Now we’re almost done with the point version. Now we just need to allow the rectangle to be rotated. So let’s add a (unit) complex number called orientation to represent the rotation. As noted in the main text, to reverse a rotation you conjugatge and then multiply. So here’s the completed rotated-translated rectangle vs. point test:


public boolean intersects(Point p)
{
  // translate the system so the centroid of the rectangle
  // is at the origin.
  float tx = p.x - center.x;
  float ty = p.y - center.y;
  
  // unrotate the system so the edges of the rect are aligned
  // to the coordinate frame.
  float px = orientation.x*tx + orientation.y*ty;
  float py = orientation.x*ty - orientation.y*tx;
  
  // fold the problem into the first quadrant.
  px = Math.abs(px);
  py = Math.abs(py);
  
  if (px > delta.x) return false;
  if (py > delta.y) return false;
  
  return true;
}

Which can be reworked into this:


public boolean intersects(Point p)
{
  // undo the rectangle's translation
  float tx = p.x - center.x;
  float ty = p.y - center.y;

  // unrotate x, fold and compare
  if (Math.abs(orientation.x*tx + orientation.y*ty) > delta.x)
    return false;
  
  // unrotate y, fold and compare
  if (Math.abs(orientation.x*ty - orientation.y*tx) > delta.y)
    return false; 
  
  return true;
}

Now onto testing against a circle. First thing is we can ‘extend’ the rectangle by the radius. If the center of the circle is outside of this extended rectangle, then it cannot intersect. Likewise if the center of the circle is inside the unextended rectangle, then it must intersect. Modifing the first of the above gives us this:


public boolean intersects(Circle c)
{
  float tx = c.x - center.x;
  float ty = c.y - center.y;
  float px = orientation.x*tx + orientation.y*ty;
  float py = orientation.x*ty - orientation.y*tx;
  float r  = circle.radius;
  
  px = Math.abs(px);
  py = Math.abs(py);

  // modified: outside extended?
  if (px > delta.x + r) return false;
  if (py > delta.y + r) return false;

  // modified: inside un-extended?
  if (px <= delta.x) return true;
  if (py <= delta.y) return true;
  
  // NOT DONE YET
}

Now all that’s left to handle is the (litterally) corner case. So we’re going to do is to translate the corner of the rectangle to origin and test against the radius of the circle.

										
  // translate the corner to the origin
  px -= delta.x;
  py -= delta.y;
  px *= px;
  py *= py;
    
  // classic distance squared test
  return px+py <= r*r;

And we’re done! Well almost. Notice that we’re comparing px with delta.x and py with delta.y quite a bit. Then we end up subtracting it out. We can pull all of that up to drop a number of operation. So in effect, after our reflections (fold operations), we’re translating the remaining corner to the origin.
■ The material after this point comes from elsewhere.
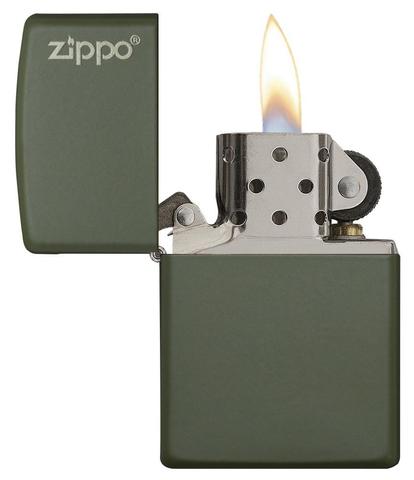 Zippo Green Matte with Zippo  tặng phát yêu nhau luôn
And like the final point test, let’s group together the tests by axis:

  
public boolean intersects(Circle c)
{
  float tx = c.x - center.x;
  float ty = c.y - center.y;
  float r  = c.radius;
  
  float px = Math.abs(orientation.x*tx + orientation.y*ty) - delta.x;
  if (px > r)  return false;
  
  float py = Math.abs(orientation.x*ty - orientation.y*tx) - delta.y;
  if (py > r)  return false;

  if (px <= 0) return true;
  if (py <= 0) return true;
  
  px *= px;
  py *= py;
  
  return px+py <= r*r;
}

(EDIT: Last version had a bug)

Roquen · May 11, 2012, 2:32pm

Relation between unit direction vectors and rotations

Let say we have two points A and B and want the direction from A to B, then it’s (B-A):
dx = b.x - a.x; dy = b.y - a.y;
and of course it’s much more useful normalized D = (B-A)/|B-A|:
s = 1/sqrt(dx*dx + dy*dy); dx *= s; dy *= s;
So in the tuple form the unit direction is: D = <dx, dy> = <cos(t), sin(t)>

We don’t know the actual value of ‘t’…we currently only have ‘dx’ and ‘dy’. We could find it by using atan2, but we don’t need to as ‘D’ is already in the form of a rotation (SEE above). If you don’t want to or cannot directly use complex multiplication to perform rotations, then simply plug the (dx, dy) values into your matrix.